*HOW TO COMPLETE THIS TASK*. Each entry must be output exactly as it appears.

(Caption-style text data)

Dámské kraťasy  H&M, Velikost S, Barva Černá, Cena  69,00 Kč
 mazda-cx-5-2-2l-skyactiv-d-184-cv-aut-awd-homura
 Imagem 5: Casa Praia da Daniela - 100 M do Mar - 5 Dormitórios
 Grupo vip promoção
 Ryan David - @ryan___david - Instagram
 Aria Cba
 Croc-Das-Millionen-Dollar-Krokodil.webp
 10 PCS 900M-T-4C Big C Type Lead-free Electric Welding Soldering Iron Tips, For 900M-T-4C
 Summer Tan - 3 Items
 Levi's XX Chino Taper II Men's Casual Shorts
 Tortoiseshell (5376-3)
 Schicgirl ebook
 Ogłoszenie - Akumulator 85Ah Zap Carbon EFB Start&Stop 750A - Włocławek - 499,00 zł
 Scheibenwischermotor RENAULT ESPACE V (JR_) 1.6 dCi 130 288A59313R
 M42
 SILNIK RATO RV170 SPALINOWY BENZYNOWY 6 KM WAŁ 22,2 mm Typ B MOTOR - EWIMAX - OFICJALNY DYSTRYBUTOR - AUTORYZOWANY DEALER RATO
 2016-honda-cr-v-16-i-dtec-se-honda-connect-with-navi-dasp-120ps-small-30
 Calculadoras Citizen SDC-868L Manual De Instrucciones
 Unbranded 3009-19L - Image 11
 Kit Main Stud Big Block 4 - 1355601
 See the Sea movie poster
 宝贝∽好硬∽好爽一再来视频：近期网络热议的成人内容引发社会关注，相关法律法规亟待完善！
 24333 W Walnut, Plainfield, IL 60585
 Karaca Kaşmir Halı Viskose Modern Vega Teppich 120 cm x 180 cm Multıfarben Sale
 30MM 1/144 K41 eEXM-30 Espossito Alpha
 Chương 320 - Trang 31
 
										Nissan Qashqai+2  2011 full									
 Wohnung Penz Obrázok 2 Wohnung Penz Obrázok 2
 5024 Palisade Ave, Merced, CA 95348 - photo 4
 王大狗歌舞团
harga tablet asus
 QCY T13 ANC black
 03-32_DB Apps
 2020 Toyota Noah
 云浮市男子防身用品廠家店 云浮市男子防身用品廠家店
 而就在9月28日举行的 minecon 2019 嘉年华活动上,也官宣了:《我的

*EXPECTED OUTPUT*.
Dámské kraťasy  H&M, Velikost S, Barva Černá, Cena  69,00 Kč
 mazda-cx-5-2-2l-skyactiv-d-184-cv-aut-awd-homura
 Imagem 5: Casa Praia da Daniela - 100 M do Mar - 5 Dormitórios
 Grupo vip promoção
 Ryan David - @ryan___david - Instagram
 Aria Cba
 Croc-Das-Millionen-Dollar-Krokodil.webp
 10 PCS 900M-T-4C Big C Type Lead-free Electric Welding Soldering Iron Tips, For 900M-T-4C
 Summer Tan - 3 Items
 Levi's XX Chino Taper II Men's Casual Shorts
 Tortoiseshell (5376-3)
 Schicgirl ebook
 Ogłoszenie - Akumulator 85Ah Zap Carbon EFB Start&Stop 750A - Włocławek - 499,00 zł
 Scheibenwischermotor RENAULT ESPACE V (JR_) 1.6 dCi 130 288A59313R
 M42
 SILNIK RATO RV170 SPALINOWY BENZYNOWY 6 KM WAŁ 22,2 mm Typ B MOTOR - EWIMAX - OFICJALNY DYSTRYBUTOR - AUTORYZOWANY DEALER RATO
 2016-honda-cr-v-16-i-dtec-se-honda-connect-with-navi-dasp-120ps-small-30
 Calculadoras Citizen SDC-868L Manual De Instrucciones
 Unbranded 3009-19L - Image 11
 Kit Main Stud Big Block 4 - 1355601
 See the Sea movie poster
 宝贝∽好硬∽好爽一再来视频：近期网络热议的成人内容引发社会关注，相关法律法规亟待完善！
 24333 W Walnut, Plainfield, IL 60585
 Karaca Kaşmir Halı Viskose Modern Vega Teppich 120 cm x 180 cm Multıfarben Sale
 30MM 1/144 K41 eEXM-30 Espossito Alpha
 Chương 320 - Trang 31
 
										Nissan Qashqai+2  2011 full									
 Wohnung Penz Obrázok 2 Wohnung Penz Obrázok 2
 5024 Palisade Ave, Merced, CA 95348 - photo 4
 王大狗歌舞团
harga tablet asus
 QCY T13 ANC black
 03-32_DB Apps
 2020 Toyota Noah
 云浮市男子防身用品廠家店 云浮市男子防身用品廠家店
 而就在9月28日举行的 minecon 2019 嘉年华活动上,也官宣了:《我的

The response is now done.